This is an ambitious work of military and political history, recounting, as its subtitle says 'the epic struggle between Britain and France, 1793-1815'. But in addition to providing a narrative over its 800 pages, Harvey has an agenda: the resurrection of the style of historical analysis in which the determining role of inspirational leaders is acknowledged.
Harvey's canvas is broad, so that battles and whole campaigns have to be dealt with briefly. He is much more interested in the mechanics and social politics of naval warfare; Nelson is perhaps his favourite hero, and the book loses much of its impetus after Trafalgar had won the sea war. Minor land battles become a bare litany of x thousand lost, giving no feel for their significance or differentiation. Although writing for a general reader (p. 1), he assumes great familiarity with the participants; 'the most famous cavalry charge in history' (by Murat at Eylau) (p. 436) merits a single sentence. His account of the Russian campaign of 1812 is vastly inferior to Tolstoy's.
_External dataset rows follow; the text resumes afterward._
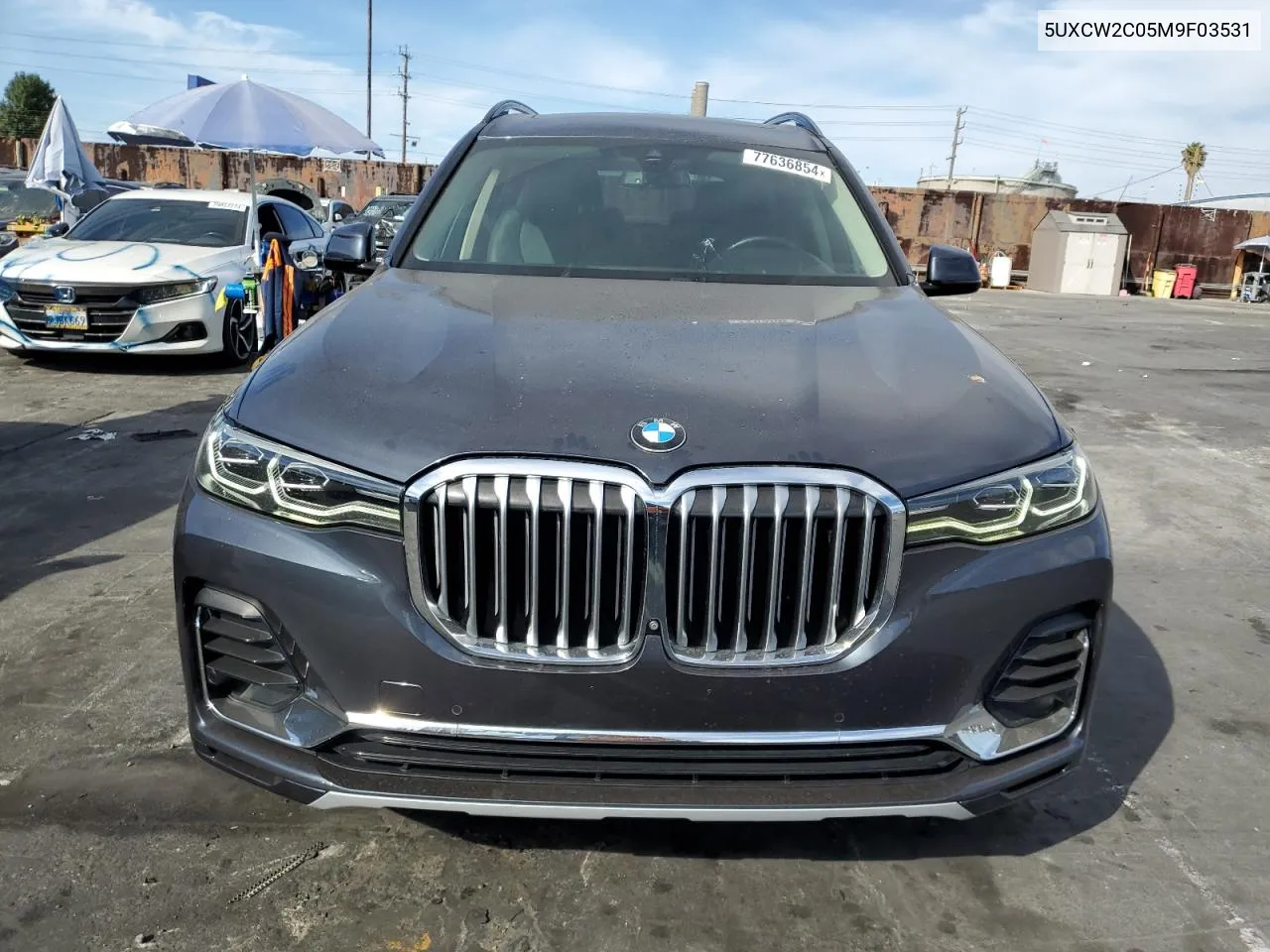 2021 BMW X7 xDrive40I VIN: 5UXCW2C05M9F03531 Lot: 77636854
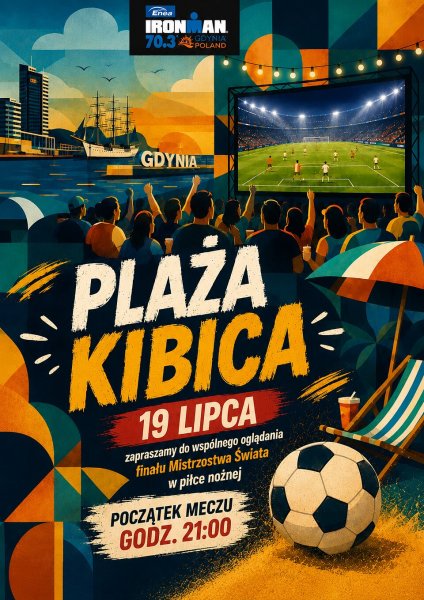 Plaża Kibica. Wspólne oglądanie finału Mistrzostw Świata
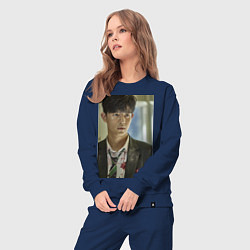 Костюм хлопковый женский Ли Су-Хёк, цвет: тёмно-синий — фото 2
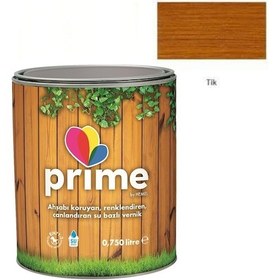 Resim Hemel Prime Su Bazlı Ahşap Verniği Tik Rengi Iç Ve Dış 0,75 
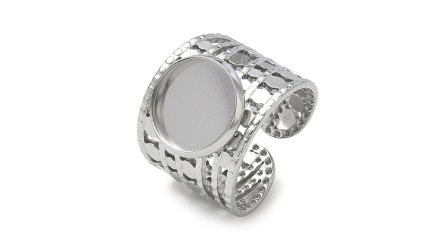 support 12mm bague acier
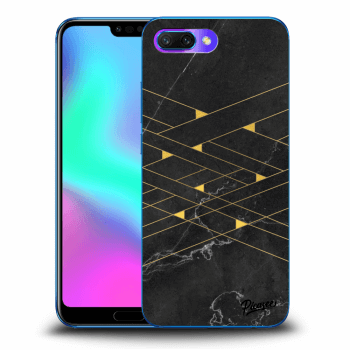 Etui na Honor 10 - Gold Minimal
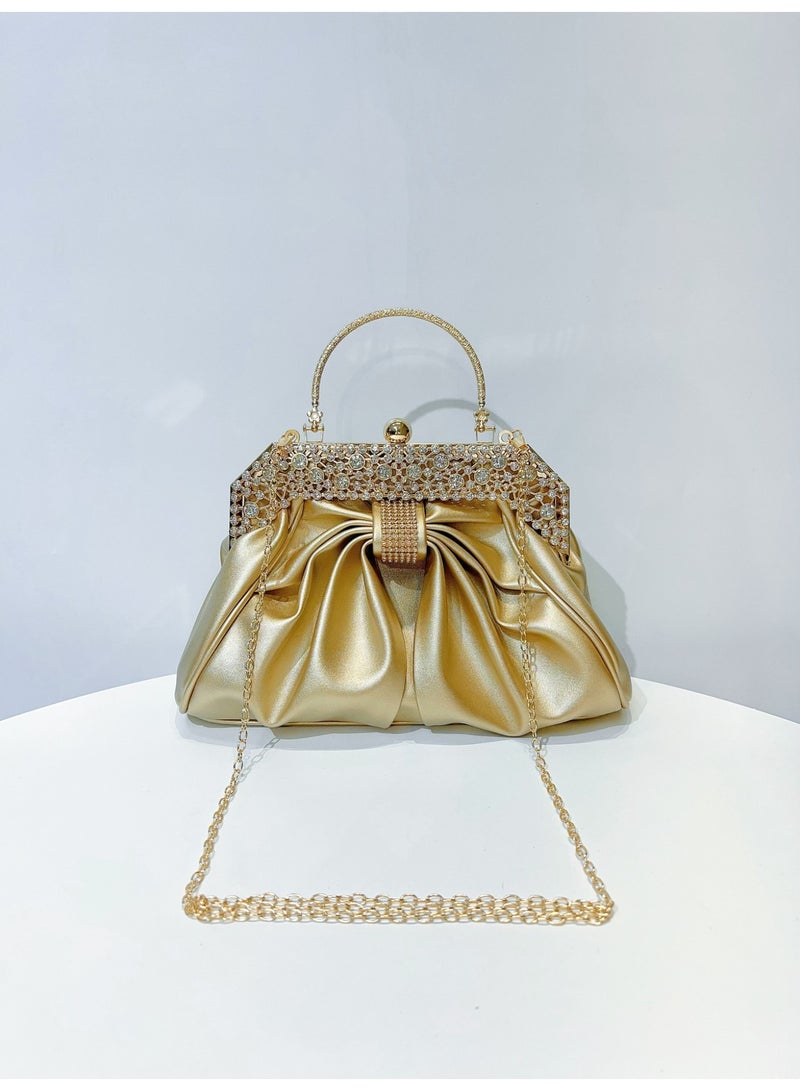 MAGNISHAN Luxury Rhinestone Evening Clutch Bag for Women, Elegant Party Handbag with Chain Strap - Image 5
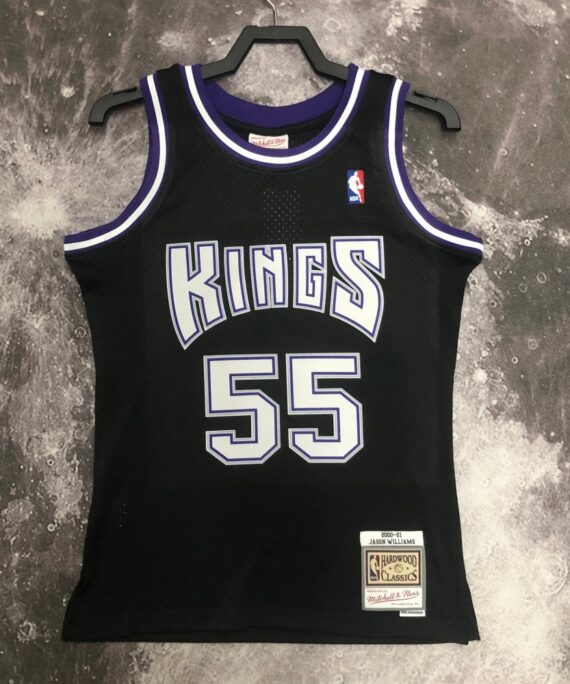 Jason Williams Basketball Jersey #55 Sacramento Kings 2001 Classic Edition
But it is the heroes that matter to Harvey. He attacks what he calls the 'Napoleon myths', that he was either a tyrant or a political genius; even his military skill is considered to be limited to movement and energy, and only consistently effective in his early career. But Wellington, Nelson, Sir John Moore and others are also treated in the same way: Harvey assumes that they are geniuses, and then turns to biography to explain their lapses of judgement, rather than allowing them to have good and bad days like the rest of us. He also expects that great leaders should be good people, and feels he must apologise for or excuse their political and personal failings, rather than treating them as irrelevant.
The book is hardly light reading; there is a lot of repetition (so that the comparison of the more sanguine actions with those of WW1 appears at least 5 times) and some irritating stylistic habits: he is clearly one of those who learned that split infinitive is a barbarism, but did not learn to avoid equally inelegant alternatives. There are also a surprising number of solecisms and typographic errors, such as 'rebounds to his credit'.
In the end, Harvey does not quite make his case: the book would have been better, and shorter, if he had restricted his scope to the key events and avoided the temptation to essay biographies of the principal players, tracking Napoleon's love life or the social difficulties of Nelson, which are tangential to the result.